Au fur et à mesure que leur relation progressait, Hardwick a commencé à exprimer des insécurités, à la fois dans son rôle de mentor et dans sa carrière d’écrivain. « Je pense que la pire chose qui vous soit jamais arrivée a été de me rencontrer », plaisante-t-elle à moitié avec Pinckney, tout en l’encourageant à « rendre votre livre vendable » et à ne pas être « trop littéraire toute sa vie ». Et quand il s’agissait d’écrire un autre roman après son succès Nuits blanches, elle lui a confié ses peurs : « J’ai tellement peur. Que suis-je en train de faire? Ne soyez pas comme moi. Ces épisodes révèlent l’intimité et la fragilité uniques de la relation. Après la hiérarchie initiale du mentorat, l’autorité claire s’estompe à mesure que les partenaires échangent en tant qu’enseignant et étudiant. Le plus fort des deux (les années et l’expérience n’étant pas pertinentes dans les moments de doute de soi) peut sortir l’autre de ces moments difficiles. Mais trop de cas de vulnérabilité peuvent épuiser une relation.

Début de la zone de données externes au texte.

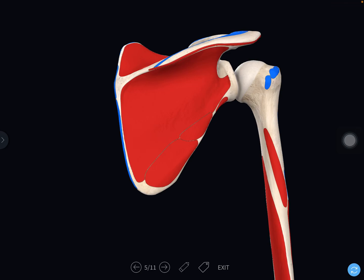Hello everyone, welcome back to the channel. Today's topic is Osteology of the Scapula. In the last video we covered the Osteology of the Clavicle.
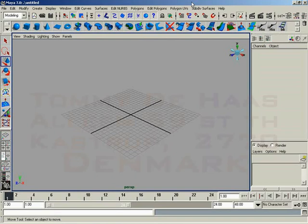NURBS surfaces are an entirely different galaxy away from polygons. Where polygons are going to be making a model out of several flat surfaces, you can add more of these surfaces if you want to make an object appear to be rounded, but in the end, it is still a faceted surface.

En fin de compte, environ 390 pages dans les mémoires, Pinckney quitte New York pour Berlin le soir du Nouvel An 1987. Le déménagement ne vient pas de nulle part. Tout au long du livre, Pinckney préfigure l’impact du sida sur sa communauté et la ville dans son ensemble, et décrit comment lui et son entourage ont perdu d’innombrables amis dans les années 1980. À ce stade, sa fenêtre de jeune écrivain précoce se fermait également, sans livre publié à montrer. Il était temps de se pousser à un nouveau niveau.
Plutôt que de scruter les raisons de son départ de New York, Pinckney marque simplement sa sortie en abandonnant sa narration à la première personne pour les voix de Hardwick et d’Epstein, présentée dans une sélection de lettres et entrecoupée de ses propres entrées de journal à peu près à la même époque. Les lettres sont proposées sans contexte ni analyse ; ils laissent beaucoup de non-dits sur son départ, mais reflètent ses émotions mitigées à ce sujet.
En fin de compte, ce n’est pas seulement un livre sur le drame de ces relations profondes et durables. Ce que Pinckney semble vouloir élever, ce sont leurs meilleurs éléments : enthousiasme, pardon, soutien, continuité. Le temps passe et de loin, Pinckney reçoit des nouvelles d’amis et de collègues décédés. Avec ces pertes, les mémoires se terminent sur une note douce-amère. Pinckney se souvient de Hardwick citant la poétesse Marianne Moore : « Après que tout ce que nous avons aimé est perdu, alors nous revivons. Le mentorat littéraire offre le pouvoir d’un phénix. Même au point le plus bas d’un écrivain, la bouée de sauvetage de la conversation et de l’échange intellectuel les pousse à aller de l’avant.